Distribution Functions

It is about determining the likelihood of an event.

!uv pip install -q\
    latexify-py==0.4.4
1
2
3
4
from fractions import Fraction
from typing import Union

import latexify

Glossary

  • \(\cup\): Union (Or logic). \(P(A \cup B)\) means the probability of event A or event B occurring.
  • \(\cap\): Intersection (And logic). \(P(A \cap B)\) means the probability of event A and event B both

Example: Flipping a coin (Heads/Tails) or rolling a dice (1 to 6).

\(P(\text{Heads}) = \frac{1}{2}, \quad P(5) = \frac{1}{6}\)

Addition rule

Used to find the probability of A or B occurring, \(P(A \cup B)\).

Mutual exclusive event

Two events cannot happen at the same time (no overlap).

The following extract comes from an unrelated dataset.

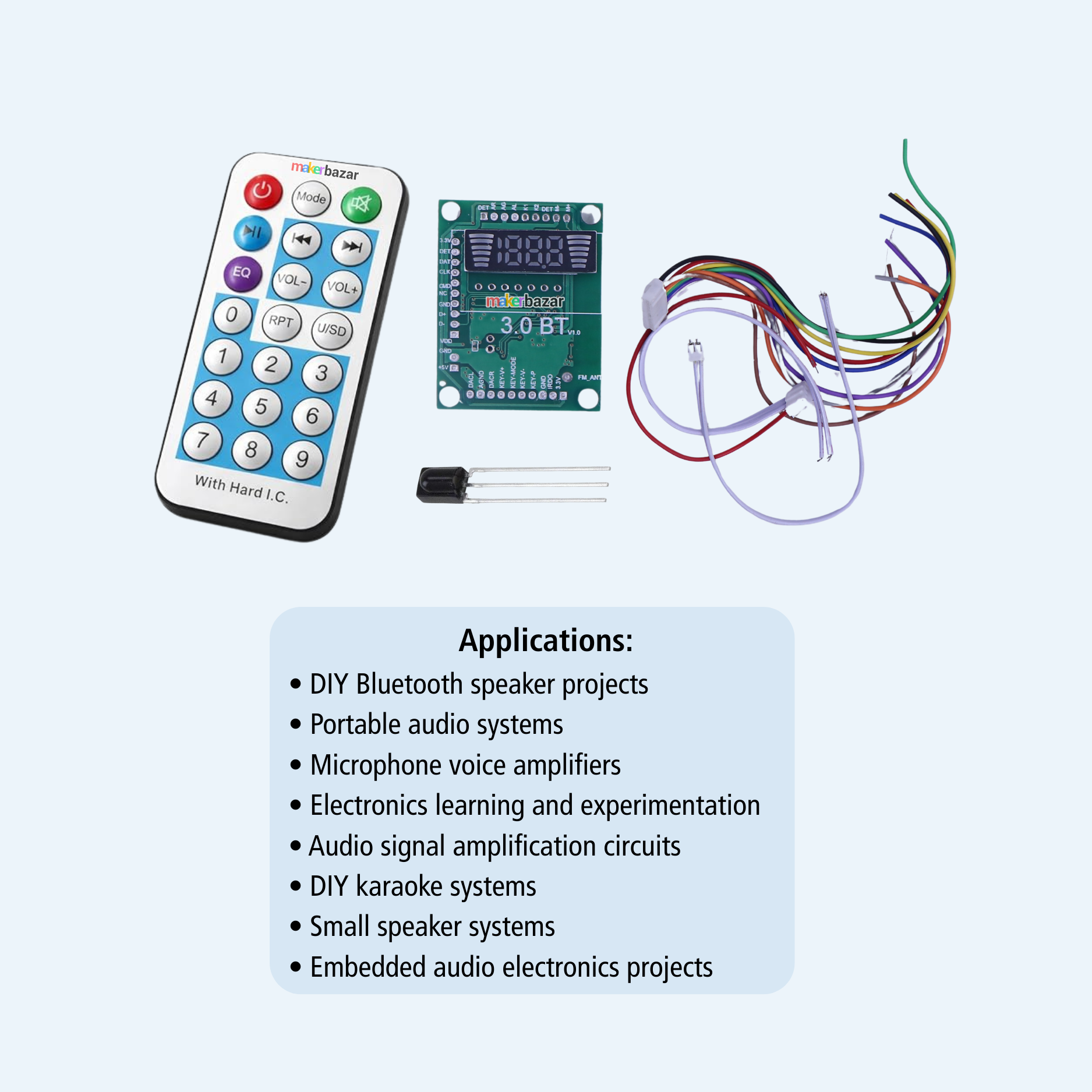 Audio Amplifier Module with Display, IR, Microphone Input & Remote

\(P(A \cup B) = P(A) + P(B)\)

1
2
3
4
5
6
7
8
@latexify.function
def p_union_mutual(
    p_a: Union[float, Fraction], p_b: Union[float, Fraction]
) -> Union[float, Fraction]:
    return p_a + p_b


p_union_mutual
\[ \displaystyle \mathrm{p\_union\_mutual}(\mathrm{p\_a}, \mathrm{p\_b}) = \mathrm{p\_a} + \mathrm{p\_b} \]
  • Example: Tossing a coin and getting Head or Tail.

\(P(H \cup T) = P(H) + P(T) = \frac{1}{2} + \frac{1}{2} = 1\)

  • Real-World Use: Calculating the probability of a defective product being caused by Machine A or Machine B, if a single product can only be processed by one machine.
1
2
3
4
5
p_head = Fraction(1, 2)
p_tail = Fraction(1, 2)

p_union_mutual_head_tail = p_union_mutual(p_head, p_tail)
p_union_mutual_head_tail
Fraction(1, 1)

Non Mutual exclusive event

Two events can happen at the same time (there is an overlap, \(P(A \cap B)\)).

\(P(A \cup B) = P(A) + P(B) - P(A \cap B)\)

@latexify.function
def p_union_non_mutual(
    p_a: Union[float, Fraction],
    p_b: Union[float, Fraction],
    p_a_intersection_b: Union[float, Fraction],
) -> Union[float, Fraction]:
    return p_a + p_b - p_a_intersection_b


p_union_non_mutual
\[ \displaystyle \mathrm{p\_union\_non\_mutual}(\mathrm{p\_a}, \mathrm{p\_b}, \mathrm{p\_a\_intersection\_b}) = \mathrm{p\_a} + \mathrm{p\_b} - \mathrm{p\_a\_intersection\_b} \]
  • Example: Drawing a card that is a King or a Heart. The King of Hearts is the overlap.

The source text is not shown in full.